Extract, word for word, each line from the line holding "jet set medium" through the end of the records. Omit every picture.

[Stored dataset items]
━━━━━━━━━━

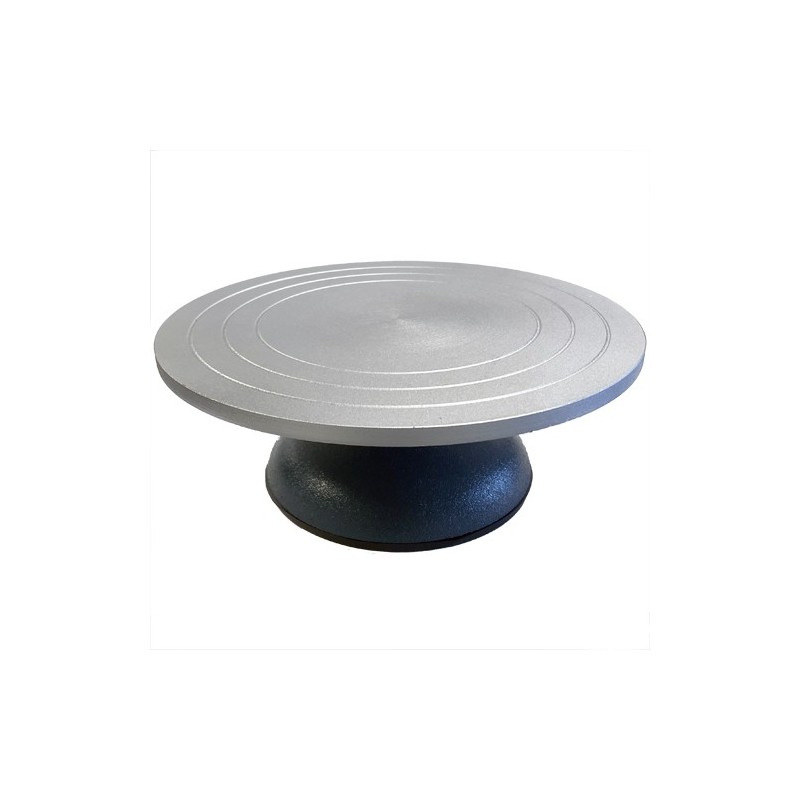 Materiais Belas Artes - Torneta metalica escultor sobre mesa 30 cm. | totenart.com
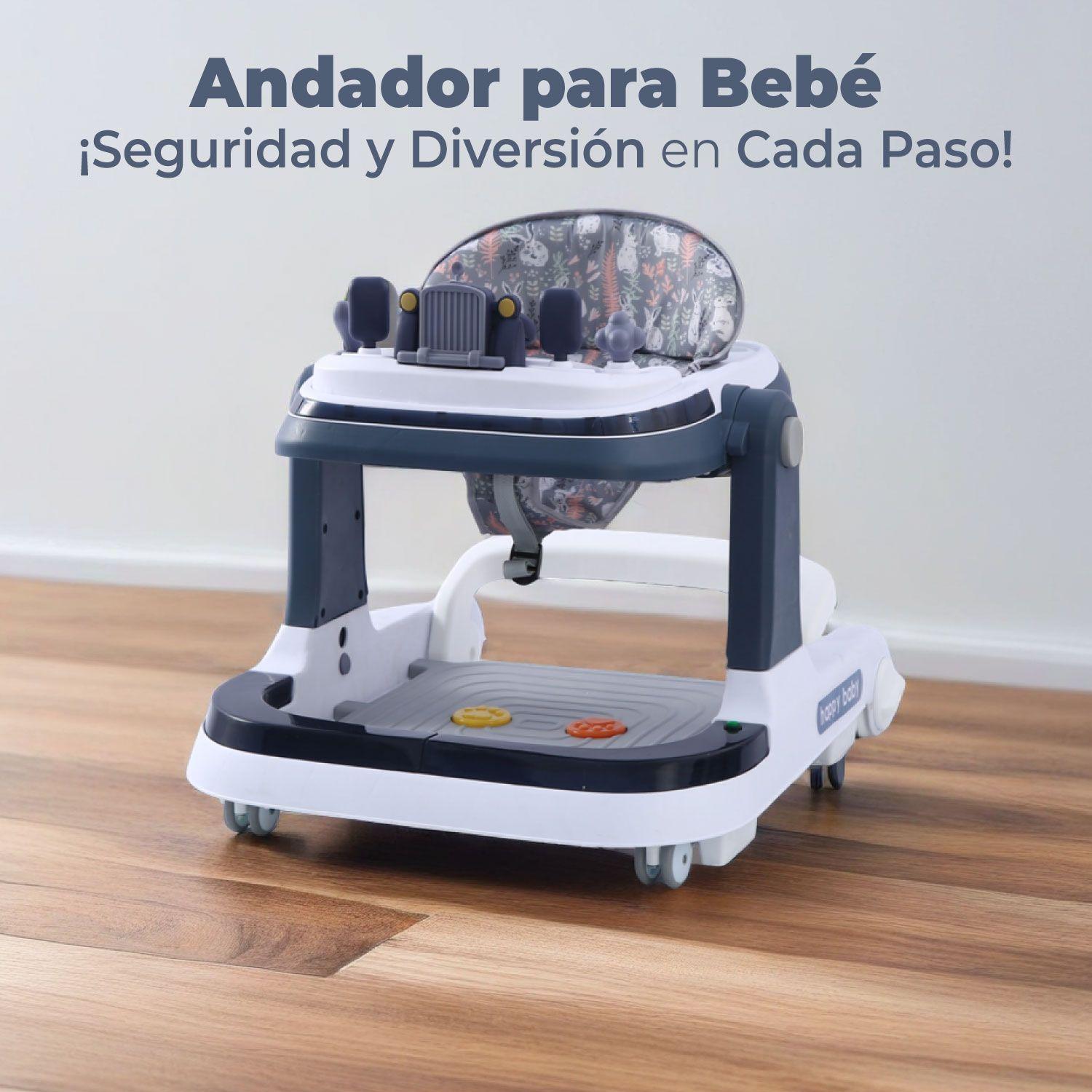 Andador Caminadora Camion Musical Bebe Anticaida Stylish-3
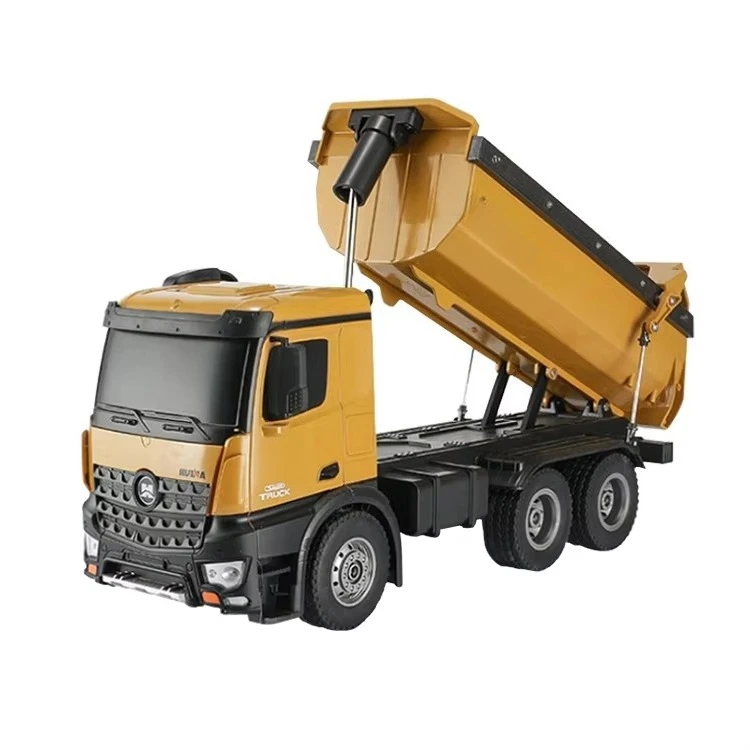 Hot Sell Kids Toys Alloy Digging Machine Truck Simulator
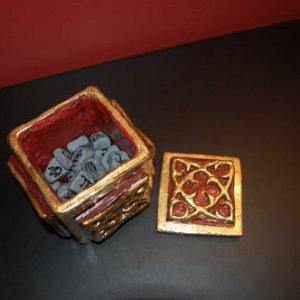 Fanmade Horadric Cube and Runes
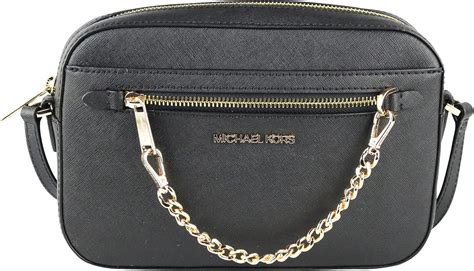 jet set medium messenger chain michael kors|michael kors east west crossbody.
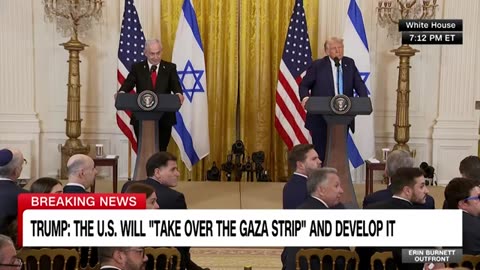 Trump: US will take ownership of the Gaza strip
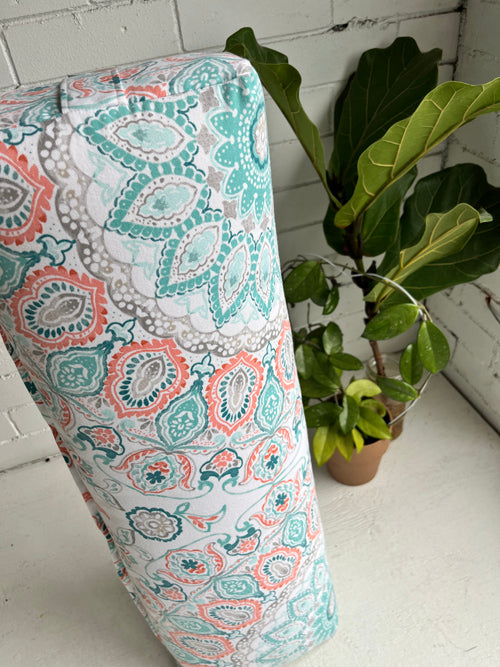 Patterned Bolster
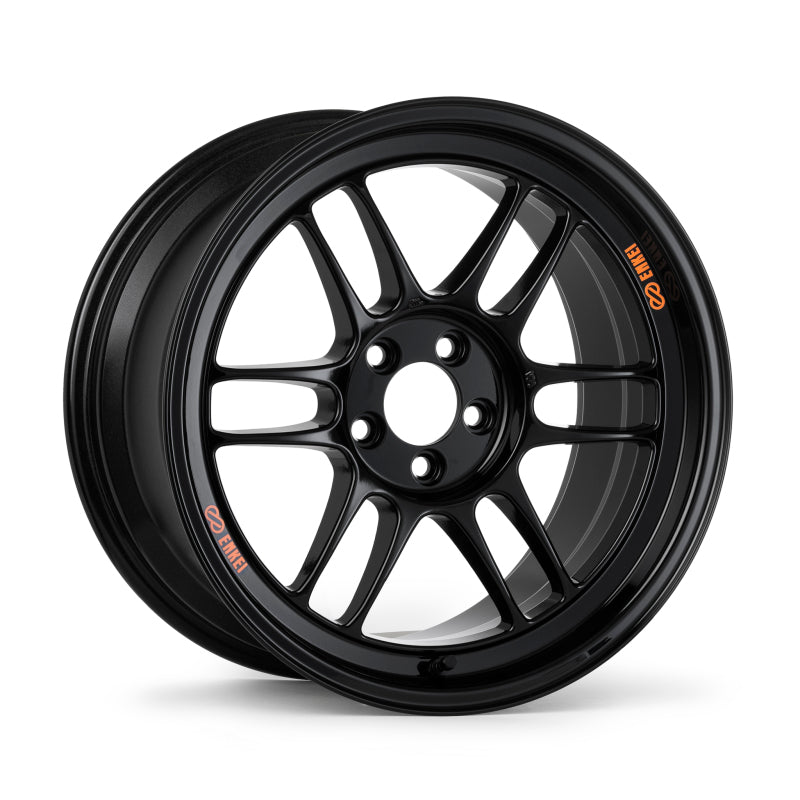Enkei RPF1 18x8.5 5x114.3 +30mm Offset Cast Wheel - F1 Gloss Black | 3798856530F1B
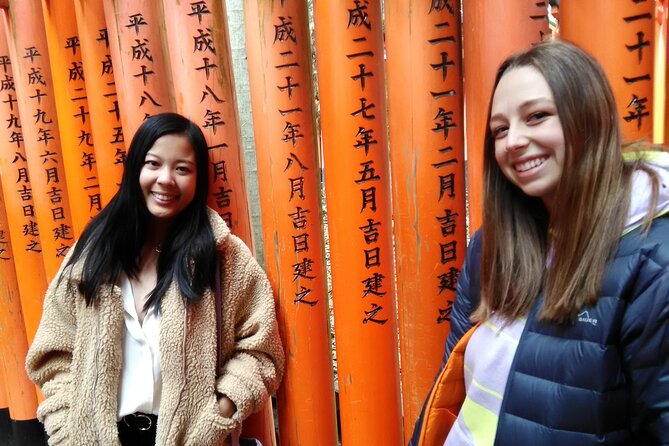 Gion and Fushimi Inari Shrine Kyoto Highlights With Government-Licensed Guide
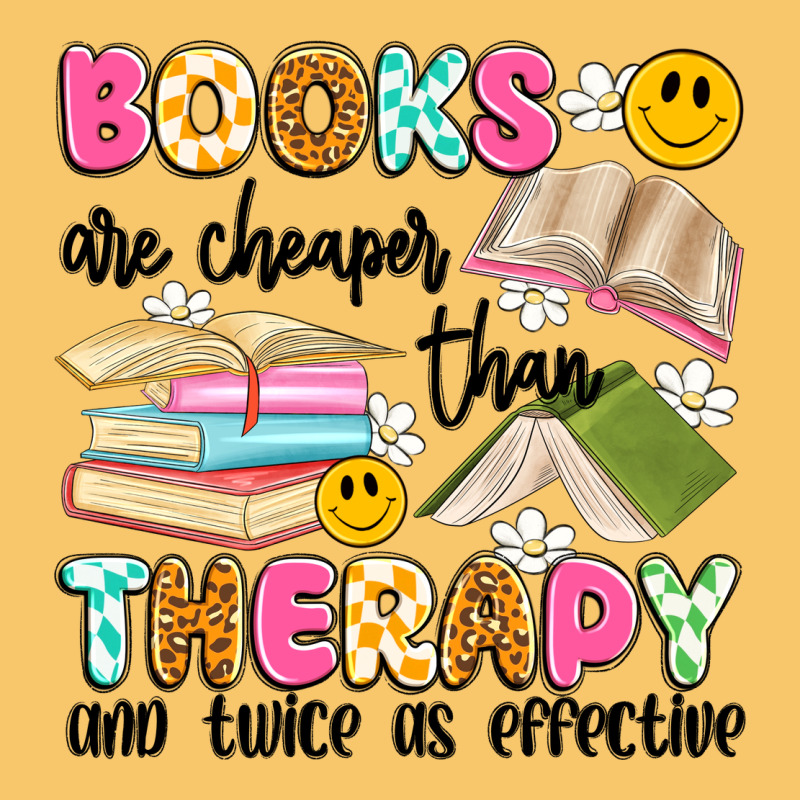 Books Are Cheaper Than Therapy And Twice As Effective Vintage Hoodie by Artiststas | Teevron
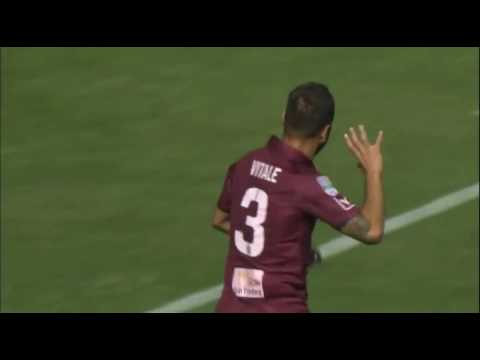 Serie B Salernitana-Trapani (2-0) 6^ Giornata Highlights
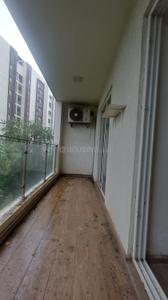 Balcony Image of 1450 Sq.ft 3 BHK Apartment / Flat for sale in Mahindra Vivante , Andheri East Mumbai for Rs. 46500000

━━━━━━━━━━

* _Reply to the exercise_:
 jet set medium messenger chain michael kors|michael kors east west crossbody.
 Trump: US will take ownership of the Gaza strip
 Patterned Bolster
Enkei RPF1 18x8.5 5x114.3 +30mm Offset Cast Wheel - F1 Gloss Black | 3798856530F1B
 Gion and Fushimi Inari Shrine Kyoto Highlights With Government-Licensed Guide
 Books Are Cheaper Than Therapy And Twice As Effective Vintage Hoodie by Artiststas | Teevron
 Serie B Salernitana-Trapani (2-0) 6^ Giornata Highlights
 Balcony Image of 1450 Sq.ft 3 BHK Apartment / Flat for sale in Mahindra Vivante , Andheri East Mumbai for Rs. 46500000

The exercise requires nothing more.